Defending America from Rebecca Harding Davis

In French, it’s “C’est la vie.“ In the Bible, it’s “reap what you sow.” To Buddhists, the phrase is “Life is suffering.” and to grandma, it’s just “You get what you give.” All these phrases mean something similar- that life is hard and you’ll only get out what you put into it. This is why ideas like those in “Life in the Iron Mills” make me roll my eyes. Why is it that people still cling to the idea that somehow the system is set up to ensnare the poor to benefit the rich? It’s a ridiculous assertion no matter how many different ways it’s stated.
While crossing Forbes Ave after leaving our last class, I saw another of those ubiquitous “A revolution is possible in America!” signs put up by people that should be ashamed of themselves. Every time I see one, my red, white, and blue blood boils with rage.
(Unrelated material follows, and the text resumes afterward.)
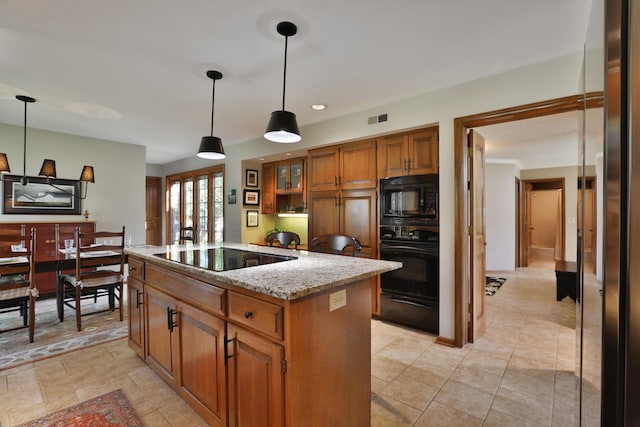 5720 Loch Maree Ct, Dublin, OH 43017 - kitchen featuring black appliances, brown cabinets, a center island, light stone counters, and hanging light fixtures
Particularly, this sign said something like “Society takes money from the masses and give it to a rich few.” I scratched out parts and changed it to “take money from willing consumers and give it to those who worked for it.”
“Life in the Iron Mills” shows how one can become enslaved. The workers are stuck in this hot, dirty mill doing a job for little pay over long hours. Somehow I’m supposed to feel sorry for these people? They’re not SLAVES, they’re doing a job! They’re producing something meaningful! If they don’t like it, they can quit or run away. Why don’t they? Ah yes, my point exactly…they need food and shelter! I suppose the authors of the sign on Forbes and of “Life in the Iron Mills” is arguing that someone should just give these people food for free, manna-from-heaven style.
I feel this claim could use elaboration. I need to eat. Therefore, I want food. To get food, I need to either gather it or make it. If I can’t, I need to trade for it. If I decide to trade you for your surplus, I need something to give you. Therefore, I need to MAKE THINGS to trade with. It doesn’t matter how you slice it, you need to WORK to get things like food. If no one works, there won’t be anything to eat.
The people in the mills are enslaved, I don’t argue that. What I take issue with is that the story tries to say they’re enslaved by other people. That not true at all, they’re a slave to their own hunger! Nature is the one that traps us. These mortal coils, as Shakespeare puts it, are the ones doing the trapping, not Mitchell and the other wealthy citizens. The story doesn’t convince me that life is unfair, it only convinces me that life sucks. All the proverbs listed above show that it’s a moot point.
Marcuse said “Free election of masters does not abolish the masters or the slaves.”, implying that our bosses are our masters. In actuality, it’s nature and the physical world which master us. The “Plight of the working class” is a plight of being human. I have no idea how anyone in the 21st century can still think that socialism, aka “getting things I didn’t earn”, somehow overcomes the universal laws of “You can’t get something for nothing”. I feel it’s my job as an American citizen to take up the war path against the something-for-nothing ignorance that socialism, Marcuse, and Life in the Iron Mills profess. Thus the title of this blog.

Mike Kobily

P.S. As for "The Future Doesn't Need Us",


Liam said...

Have you ever heard the song "16 Tons?" The last line of the refrain - I owe my soul to the company store - references the practice that coal-barons adopted to keep their workforce perpetually indebted to them. Workers were frequently paid only in credit they could redeem in only one place, the general store owned by the same company they worked for. This is but one case in our own society where the wealth of one has come at the expense of many.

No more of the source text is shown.